Florida Democratic Congressman Alan Grayson earlier this month introduced a bill that would amend the US Constitution to allow the territory of Puerto Rico to be treated "as if it were a state for the purposes of the election of the president and vice president."
The proposed amendment would give the government of Puerto Rico the power to appoint electors to the Electoral College in the amount it would be due if it were a state (possibly as many as seven).
Puerto Rico, as a US territory, does not participate in presidential elections, though voters there are allowed to send representatives to represent them at national conventions. But voter trends there indicate the territory would vote blue if it were able to take part in elections, Anti-Media points out, meaning the addition of the island to the electoral college could give US Democrats a boost. That is, if the institution lasts.

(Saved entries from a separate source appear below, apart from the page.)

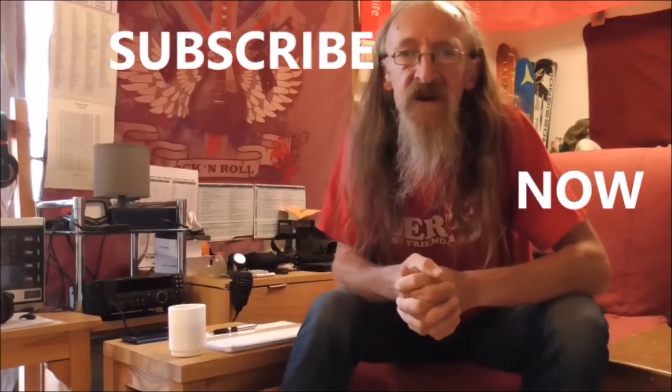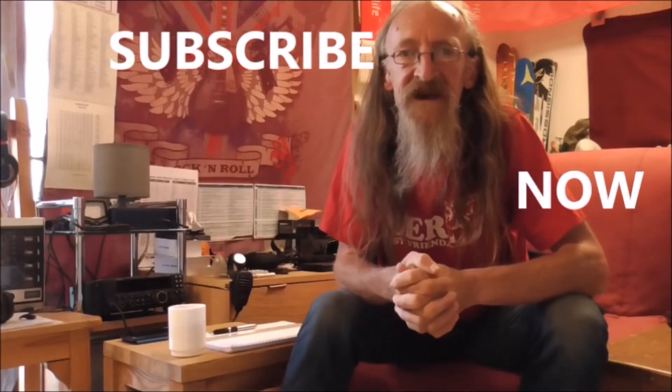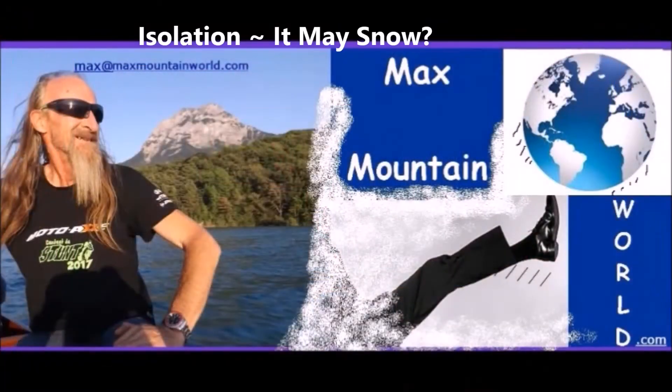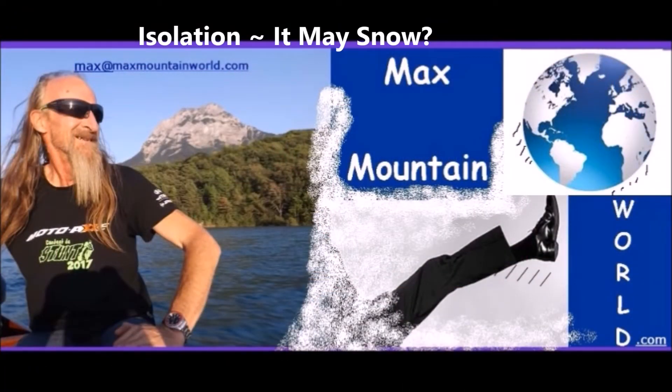Bonjour, hello, welcome to Max Mountain World. Bonjour, hello, today is Monday the 23rd of March 2020, day 6. And what's been happening in the Max Mountain World on day 6?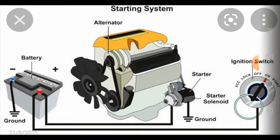If you look at this particular automobile system, the major components are: the battery, an alternator, a starter, a starter solenoid switch, and your ignition switch. So let us remember the components: ignition switch, battery, starter, alternator, ground, and starter solenoid. We will cover only the basics in this video.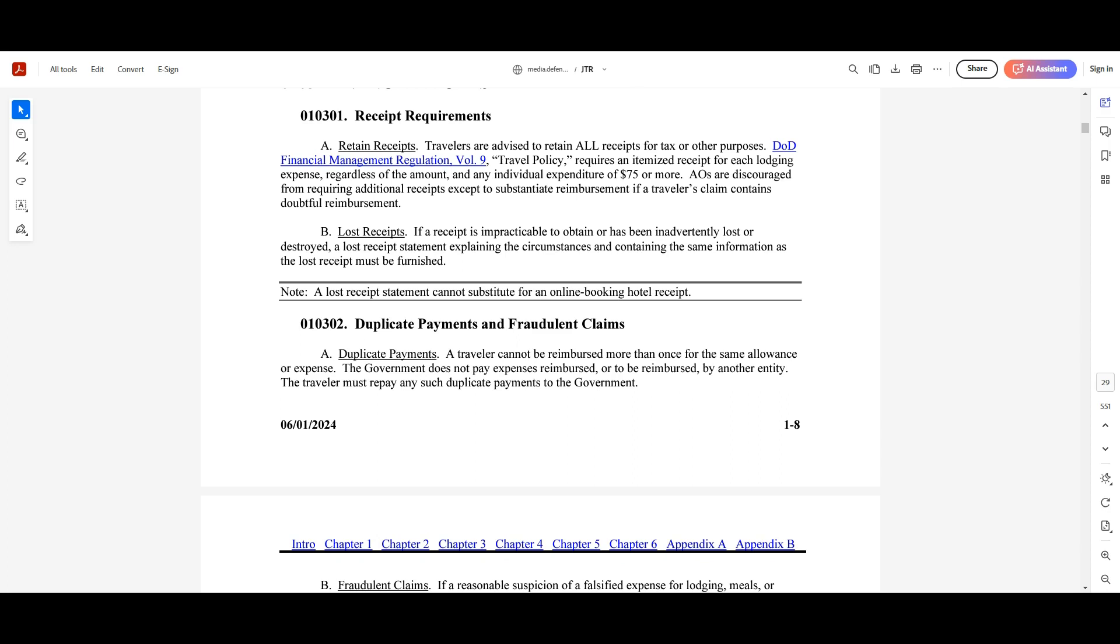You always want to retain these itemized receipts to substantiate these claims, ensure that you're complying with these regulations, and also making sure that the cost that you're putting into your travel claim matches what's on the receipts for what is reimbursable. A lot of times we might screw up by adding it in improperly, maybe switching numbers back and forth, but always make sure that you're looking at those things.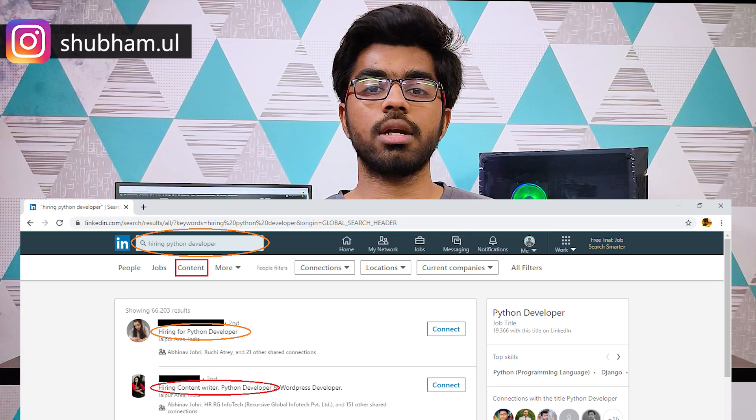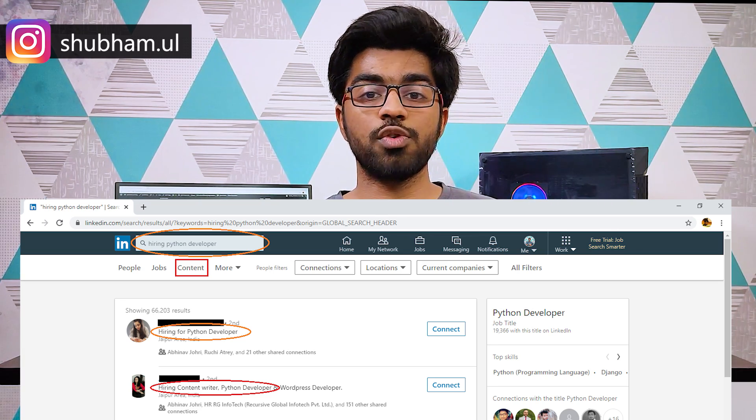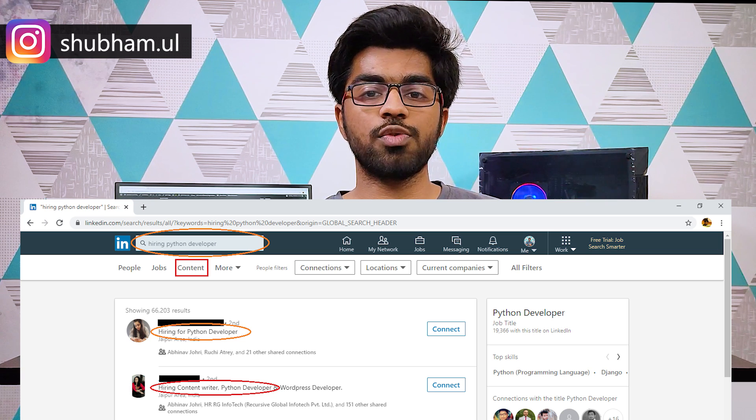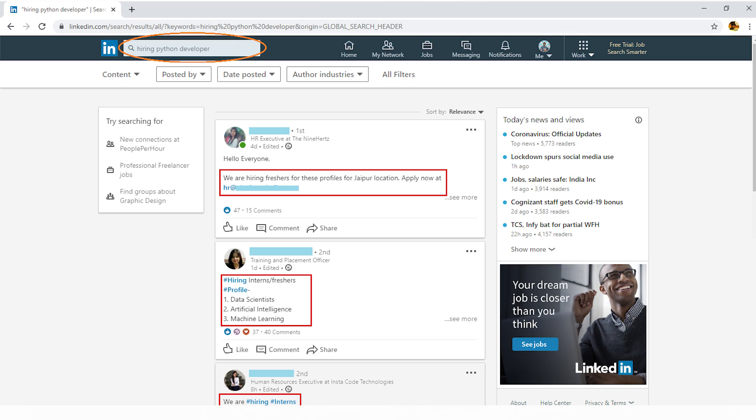Here is a trick most people don't know about on LinkedIn. Whatever job you're trying to apply for — say Python developer — search that term and then click the Content tab. This shows you posts from different HR profiles so you can spot new opportunities. You can also search 'hiring Python developers' to find posts from company managers, HRs, and employees who are actively hiring. Don't forget to add the word 'remote' if you're looking for remote developer jobs.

The bill is unlikely to see daylight, according to Anti-Media. It has been referred to the House Committee on the Judiciary, where Republicans outnumber Democrats 23 to 16.

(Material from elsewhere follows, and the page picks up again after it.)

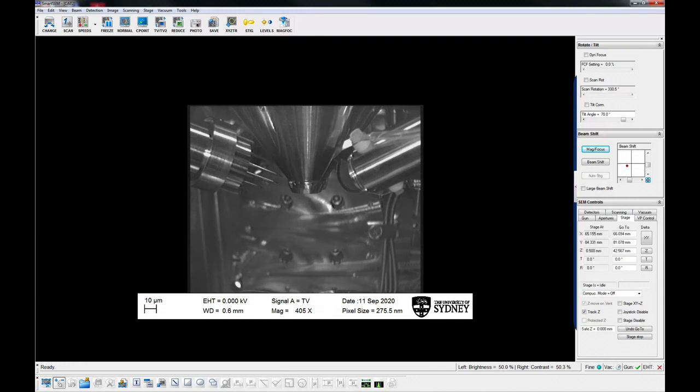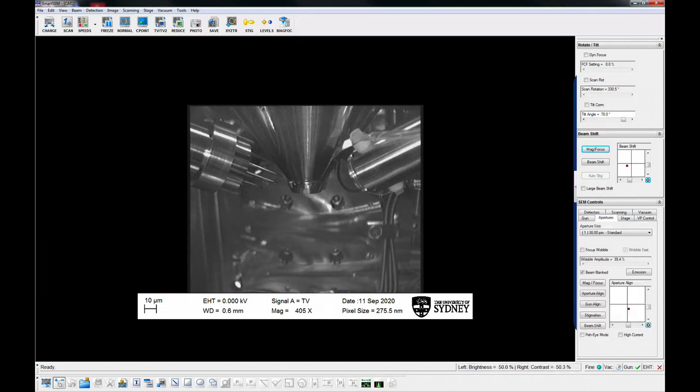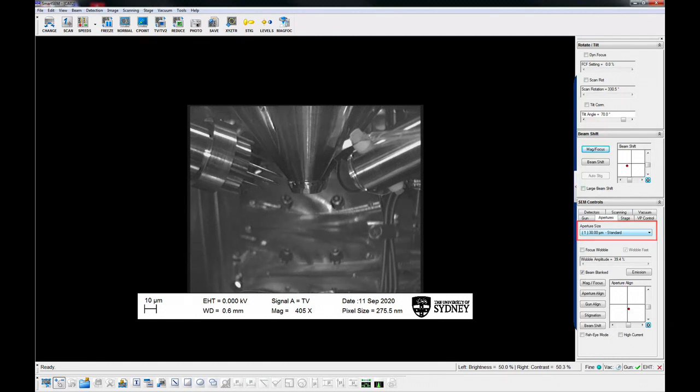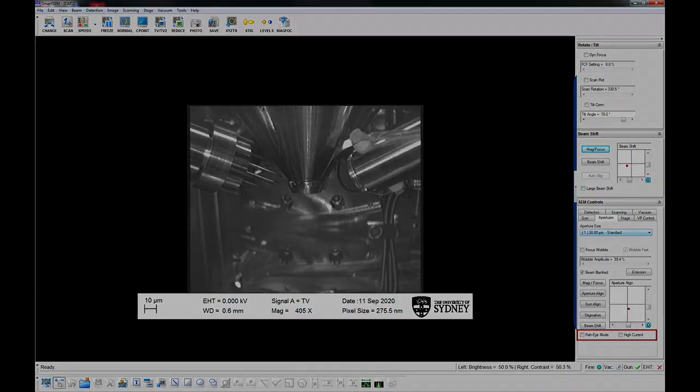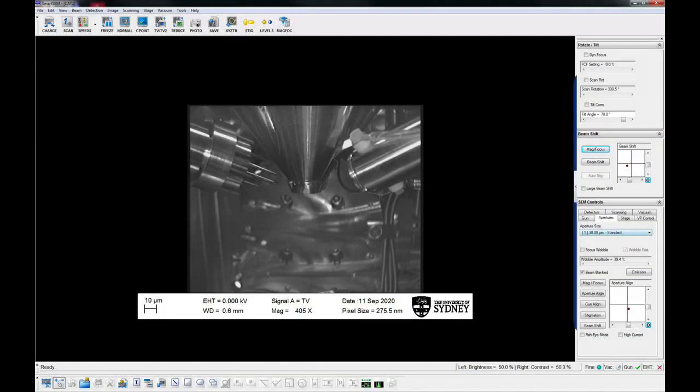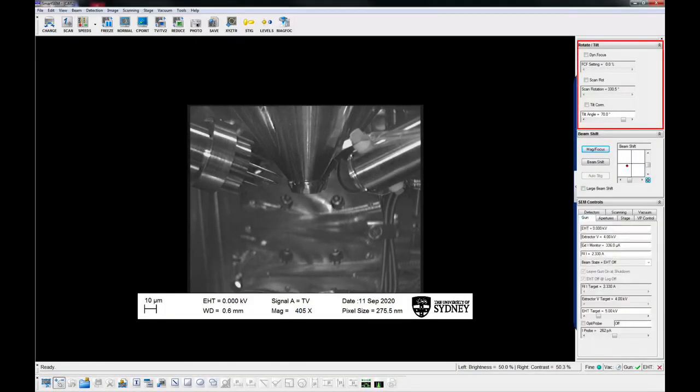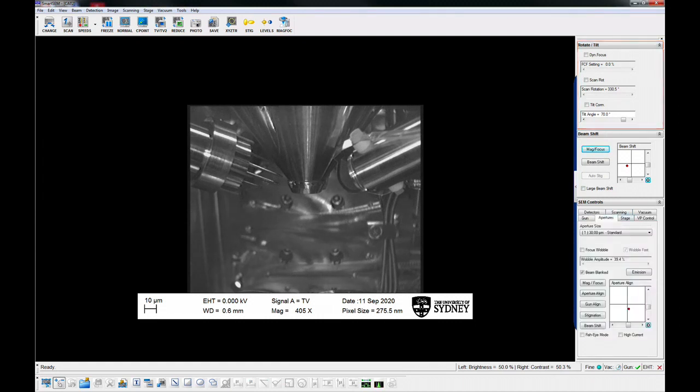While it is pumping, check the SEM control panel and make sure aperture is set to 30 microns. High current mode is off. Fish eye mode is off. Tilt correction, dynamic focus and scan rotation is off.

Puerto Rican voters opted for statehood in a nonbinding resolution in 2012, and a pro-statehood governor and resident commissioner were elected last month.

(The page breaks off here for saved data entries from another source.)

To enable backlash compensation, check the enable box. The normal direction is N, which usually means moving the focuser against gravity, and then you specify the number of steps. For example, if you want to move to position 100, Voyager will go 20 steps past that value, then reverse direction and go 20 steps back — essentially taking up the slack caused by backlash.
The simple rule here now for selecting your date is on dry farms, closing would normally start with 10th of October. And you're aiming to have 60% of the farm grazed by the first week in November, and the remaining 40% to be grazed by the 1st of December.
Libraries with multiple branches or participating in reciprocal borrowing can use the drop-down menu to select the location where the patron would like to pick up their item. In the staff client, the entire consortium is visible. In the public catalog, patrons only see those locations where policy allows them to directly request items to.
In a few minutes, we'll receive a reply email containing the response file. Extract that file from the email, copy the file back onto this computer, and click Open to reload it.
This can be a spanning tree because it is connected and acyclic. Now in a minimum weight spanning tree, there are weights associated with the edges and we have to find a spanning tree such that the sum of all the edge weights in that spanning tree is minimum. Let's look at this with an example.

Writing for The Hill in November, Puerto Rico state representative Jose Aponte-Hernandez said "The newly reelected Speaker of the House, Paul Ryan (R-Wis.) and the Senate Majority Leader, Mitch McConnell (R-Ky.), have a mandate to promote the admission of Puerto Rico as the new state of the Union. The Republican Platform, adopted at this summer's National Convention clearly states that the GOP will respect the will of the people of Puerto Rico, free and democratically expressed in the 2012 status referendum in which 54 percent of the voters rejected the current colonial relationship with the US. In that same election, 61 percent of people that participated chose statehood as a final solution to an almost never ending story of our political relation with the nation."